If you are a coach or service-based entrepreneur who is here to deeply connect with yourself, your vision and your ideal clients so you can create more impact and more income in your life, then keep reading to learn how you can handle objections without feeling pushy or salesy.

I often have people come to me saying “Amy, I’ve started to have conversations with people or I continue to have conversations with my ideal clients, but for some reason, once I am at the point of making an offer, things go sideways in the conversation.”

I’ve heard this many, many times and I so get it. When I was first in sales in my corporate life, I was so nervous. I was straight up cold calling businesses trying to sell advertising. I totally get the pain of having sales conversations go sideways.

I’m going to share with you some things I’ve done in my journey as an entrepreneur and what I’ve taught my clients. Whether you have learned about handling objections before or not, this is your chance to either learn it or just become better at it.

Do This: Lead with Compassion

Let’s say you are in conversation with someone and they say “I’d love to, but I just can’t afford it.”

I always recommend leading with compassion because I truly believe that the people we attract are in some way a reflection of us. Think about the last person that you made an offer to. Is there a way that they are a reflection of you?

To respond, I drop into my heart and go back to a time when I didn’t feel like I could afford something and I found a way. I might say like: 

“You know what, I totally get it. I remember the first time I stepped into a really high-end coaching program. I was on a phone call just like this talking to a coach who was telling me about this amazing program, and deep down inside I felt like I knew I needed to do it. But I was thinking ‘I have no idea how I’m going to pay for it.’
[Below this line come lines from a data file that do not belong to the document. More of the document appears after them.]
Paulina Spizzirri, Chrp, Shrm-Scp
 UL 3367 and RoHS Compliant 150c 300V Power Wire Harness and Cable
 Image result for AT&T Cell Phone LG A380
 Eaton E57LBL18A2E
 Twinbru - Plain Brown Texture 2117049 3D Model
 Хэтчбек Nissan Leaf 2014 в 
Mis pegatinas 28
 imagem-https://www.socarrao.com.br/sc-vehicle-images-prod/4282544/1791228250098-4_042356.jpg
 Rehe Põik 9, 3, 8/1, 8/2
So here’s, here’s what I did. I remember thinking to myself, ‘I know I need to do something and if not now, when?’ They had a single payment option that was upfront and full, which seemed completely out of my realm, but fortunately, they also had a payment plan option.

I remember thinking to myself, ‘if I can just come up with this initial payment, I will be so committed to having that kind of grit within me to come up with the next payment. I’ll have a whole other month to be solution-oriented and come up with the next payment.’”

For those of you who are coaches, think of it this way. This is your first coachable opportunity to showcase how you stand for them as a coach. 

Once you share a story, don’t make it too long-winded. Then I’ll say, “so when I share my story with you, what comes up for you?” or “what part of my story resonates with you?” 

Once you ask a question, be quiet so you can give them space to share.

This is the point in the conversation where I know they’d be in if money weren’t an issue. I’ll confirm that by asking them “would you be a YES if money weren’t an issue.”

When they say yes, we both go into solution mode. We discuss the payment options and what would make it possible for that person to step in. Whether that looks like selling an offer or generating the money another way.